Quote:We have 19 smarties in a bag left. 6 spills on the floor. What are the chances of 4 out of that 6 being blue, if there were 2 red 6 blue 5 brown 3 yellow and 3 green in the bag?
SassuWunnu:We have 19 smarties in a bag left. 6 spills on the floor. What are the chances of 4 out of that 6 being blue, if there were 2 red 6 blue 5 brown 3 yellow and 3 green in the bag?
CPhill:I'm not a probability "guru," but I believe that we are just counting "sets" of things. (BTW...the marbles could have hit the ground one by one, but maybe not....maybe 6 of them (or any subset of such) struck the ground almost simultaneously !!!........ )
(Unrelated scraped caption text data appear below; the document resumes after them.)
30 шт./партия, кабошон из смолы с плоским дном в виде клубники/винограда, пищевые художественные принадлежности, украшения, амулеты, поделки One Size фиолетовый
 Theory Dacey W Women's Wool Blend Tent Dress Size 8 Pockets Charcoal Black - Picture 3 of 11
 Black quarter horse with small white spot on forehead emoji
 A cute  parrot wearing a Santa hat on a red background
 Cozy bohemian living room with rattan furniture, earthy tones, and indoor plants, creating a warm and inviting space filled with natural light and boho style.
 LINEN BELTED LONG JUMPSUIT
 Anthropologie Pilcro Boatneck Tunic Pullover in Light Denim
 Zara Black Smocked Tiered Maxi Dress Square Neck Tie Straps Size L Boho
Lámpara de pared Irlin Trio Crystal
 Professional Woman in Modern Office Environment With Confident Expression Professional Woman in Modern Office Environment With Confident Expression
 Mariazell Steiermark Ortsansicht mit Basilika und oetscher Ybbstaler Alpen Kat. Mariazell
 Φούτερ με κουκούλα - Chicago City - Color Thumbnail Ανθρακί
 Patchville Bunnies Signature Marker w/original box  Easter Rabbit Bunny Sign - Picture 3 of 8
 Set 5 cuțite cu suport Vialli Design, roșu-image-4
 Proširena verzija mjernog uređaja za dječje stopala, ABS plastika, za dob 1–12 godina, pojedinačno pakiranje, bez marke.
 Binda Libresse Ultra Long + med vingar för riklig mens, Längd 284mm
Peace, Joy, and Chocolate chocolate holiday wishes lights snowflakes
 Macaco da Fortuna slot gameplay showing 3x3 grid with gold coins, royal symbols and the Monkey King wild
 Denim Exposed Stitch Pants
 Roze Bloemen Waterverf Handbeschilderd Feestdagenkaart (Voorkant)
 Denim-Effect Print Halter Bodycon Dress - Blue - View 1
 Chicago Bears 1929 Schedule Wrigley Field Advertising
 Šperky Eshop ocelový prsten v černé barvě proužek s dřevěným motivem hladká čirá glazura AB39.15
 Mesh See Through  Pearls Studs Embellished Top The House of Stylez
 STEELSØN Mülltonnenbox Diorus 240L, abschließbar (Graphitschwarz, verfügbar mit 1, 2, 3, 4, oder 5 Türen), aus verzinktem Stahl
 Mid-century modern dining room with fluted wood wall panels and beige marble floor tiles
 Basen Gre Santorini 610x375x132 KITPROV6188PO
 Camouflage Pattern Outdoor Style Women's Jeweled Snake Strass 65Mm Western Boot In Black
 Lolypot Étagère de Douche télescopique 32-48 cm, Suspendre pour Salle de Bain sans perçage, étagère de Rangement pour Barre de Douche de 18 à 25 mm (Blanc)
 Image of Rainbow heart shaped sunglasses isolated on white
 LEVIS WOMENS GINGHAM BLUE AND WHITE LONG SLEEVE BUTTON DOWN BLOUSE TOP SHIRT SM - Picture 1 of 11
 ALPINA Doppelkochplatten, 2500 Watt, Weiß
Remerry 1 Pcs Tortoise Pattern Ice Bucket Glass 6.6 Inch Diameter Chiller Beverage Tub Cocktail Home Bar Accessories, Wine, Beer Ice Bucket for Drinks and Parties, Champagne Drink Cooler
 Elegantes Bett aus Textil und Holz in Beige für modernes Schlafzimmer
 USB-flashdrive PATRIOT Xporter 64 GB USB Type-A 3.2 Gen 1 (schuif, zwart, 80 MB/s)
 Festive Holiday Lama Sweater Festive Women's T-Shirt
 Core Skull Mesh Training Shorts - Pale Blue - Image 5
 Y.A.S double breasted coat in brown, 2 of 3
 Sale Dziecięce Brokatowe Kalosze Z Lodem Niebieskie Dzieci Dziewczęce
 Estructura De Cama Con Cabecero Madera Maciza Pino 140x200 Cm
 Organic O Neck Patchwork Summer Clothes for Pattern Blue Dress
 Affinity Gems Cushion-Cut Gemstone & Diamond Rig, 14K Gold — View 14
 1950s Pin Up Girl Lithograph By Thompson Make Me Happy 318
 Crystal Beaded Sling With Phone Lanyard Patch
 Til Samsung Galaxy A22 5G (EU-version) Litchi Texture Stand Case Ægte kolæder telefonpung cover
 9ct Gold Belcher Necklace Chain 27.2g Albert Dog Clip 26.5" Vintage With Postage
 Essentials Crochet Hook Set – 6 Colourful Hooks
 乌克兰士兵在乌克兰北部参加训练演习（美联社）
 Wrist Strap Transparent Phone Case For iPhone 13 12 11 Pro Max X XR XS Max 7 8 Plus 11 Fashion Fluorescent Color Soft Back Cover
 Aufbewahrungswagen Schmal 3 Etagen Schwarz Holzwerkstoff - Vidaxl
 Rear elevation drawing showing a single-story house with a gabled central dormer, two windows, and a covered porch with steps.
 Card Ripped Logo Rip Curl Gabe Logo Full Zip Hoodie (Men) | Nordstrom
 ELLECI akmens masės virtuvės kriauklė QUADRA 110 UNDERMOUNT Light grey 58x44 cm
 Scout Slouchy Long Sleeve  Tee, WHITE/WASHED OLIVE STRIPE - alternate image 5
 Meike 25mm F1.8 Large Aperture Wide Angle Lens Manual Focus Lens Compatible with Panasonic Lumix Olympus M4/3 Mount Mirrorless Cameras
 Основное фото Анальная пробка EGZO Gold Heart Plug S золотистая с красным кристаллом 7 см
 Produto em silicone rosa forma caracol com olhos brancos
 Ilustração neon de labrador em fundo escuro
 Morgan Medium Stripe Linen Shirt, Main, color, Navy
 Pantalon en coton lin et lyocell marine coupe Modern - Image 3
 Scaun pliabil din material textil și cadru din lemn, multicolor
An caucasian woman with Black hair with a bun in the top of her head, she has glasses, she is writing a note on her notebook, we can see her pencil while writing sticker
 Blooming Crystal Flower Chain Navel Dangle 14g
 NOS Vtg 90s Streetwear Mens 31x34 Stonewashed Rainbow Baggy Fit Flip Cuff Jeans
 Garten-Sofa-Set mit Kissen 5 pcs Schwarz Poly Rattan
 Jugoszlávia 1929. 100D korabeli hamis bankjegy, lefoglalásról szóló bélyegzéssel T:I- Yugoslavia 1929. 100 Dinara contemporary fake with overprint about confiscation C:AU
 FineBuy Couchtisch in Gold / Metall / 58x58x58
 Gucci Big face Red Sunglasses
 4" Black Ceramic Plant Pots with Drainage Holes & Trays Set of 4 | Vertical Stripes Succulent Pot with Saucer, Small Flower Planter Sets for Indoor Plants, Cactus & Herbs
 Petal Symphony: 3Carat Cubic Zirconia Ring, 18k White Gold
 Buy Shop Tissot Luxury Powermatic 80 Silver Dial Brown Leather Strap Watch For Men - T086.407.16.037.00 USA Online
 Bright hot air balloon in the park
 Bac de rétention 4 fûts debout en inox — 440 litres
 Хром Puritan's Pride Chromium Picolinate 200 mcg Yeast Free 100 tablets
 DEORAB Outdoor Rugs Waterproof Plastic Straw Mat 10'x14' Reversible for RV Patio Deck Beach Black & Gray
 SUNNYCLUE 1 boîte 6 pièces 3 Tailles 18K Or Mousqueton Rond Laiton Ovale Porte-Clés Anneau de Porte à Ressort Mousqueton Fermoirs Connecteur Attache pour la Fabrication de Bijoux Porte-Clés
So, the total number of "sets" that we could have (the sample space) is just C(19, 6).
And we're interested in choosing 4 of the 6 blue ones and the other 2 out of the remaining 13.
So we have
C(6 , 4) * C( 13, 2) / C(19, 6)
Which I believe is the same thing that Melody found, so I won't bother with any computations !!!
Anyone else have any thoughts on this one ???
There are usually two methods of solution for his type of problem, a method based on counting, as used by Melody and CPhill, and a basic probability method.
The counting method has already been discussed, so here is the probability method.
Suppose that the six smarties fall in the sequence BBBBOO, where B represents a blue smartie and O one of the other colours.
The probability of that sequence happening will be
(6/19)*(5/18)*(4/17)*(3/16)*(13/15)*(12/14).
If you consider any other sequence consisting of four blues and two others, the individual fractions will be different but the combined top and bottom lines will be the same.
So, for example, if the sequence happened to be OBBOBB, the probability would be (13/19)*(6/18)*(5/17)*(12/16)*(4/15)*(3/14).
Different fractions, but the combined top line is still 13*12*6*5*4*3 and the bottom line 19*18*17*16*15*14.
So, the overall probability will be this probability multiplied by the number of possible sequences consisting of four blues and two others, that is,
(6/19)*(5/18)*(4/17)*(3/16)*(13/15)*(12/14)*6C4 = 0.0028748*15 = 0.0431(4dp).